GIVEN DATA:
----------

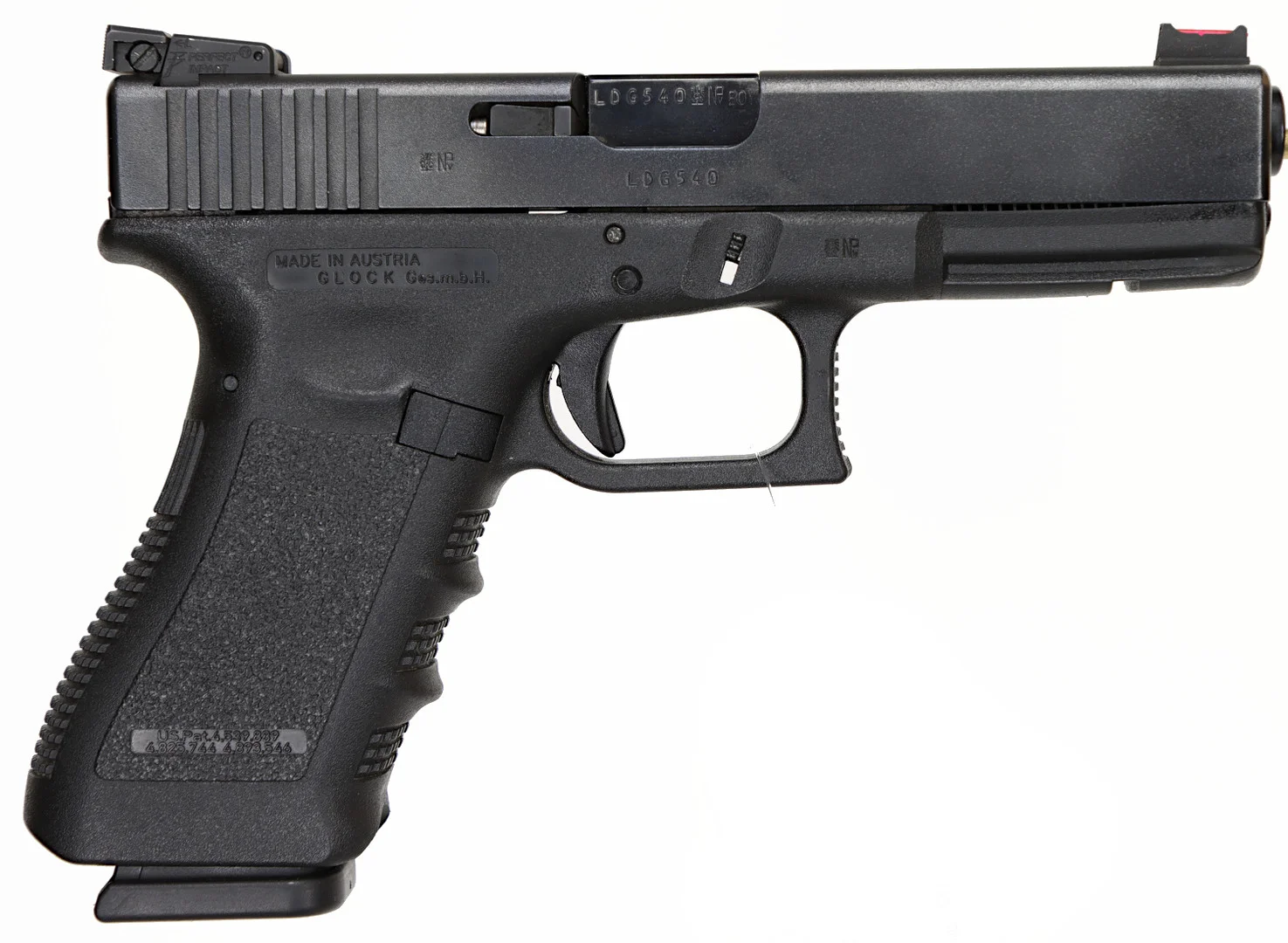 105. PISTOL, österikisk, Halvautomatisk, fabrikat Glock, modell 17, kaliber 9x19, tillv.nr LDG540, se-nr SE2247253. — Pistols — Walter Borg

----------

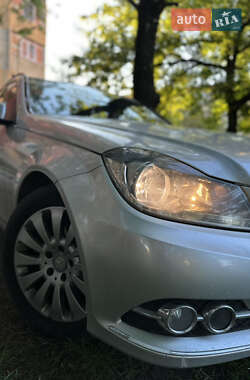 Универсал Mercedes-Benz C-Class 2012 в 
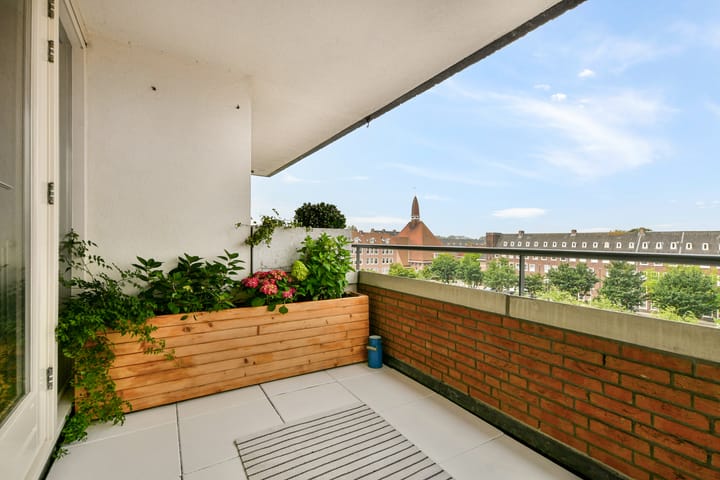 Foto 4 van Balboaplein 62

----------

AIM OF THE TASK: Starting at the line containing "Универсал Mercedes-Benz C-Class 2012 в" and stopping at the line containing "Foto 4 van Balboaplein 62", output each line exactly as it appears above. Leave out the pictures.

RESPONSE:
 Универсал Mercedes-Benz C-Class 2012 в 
 Foto 4 van Balboaplein 62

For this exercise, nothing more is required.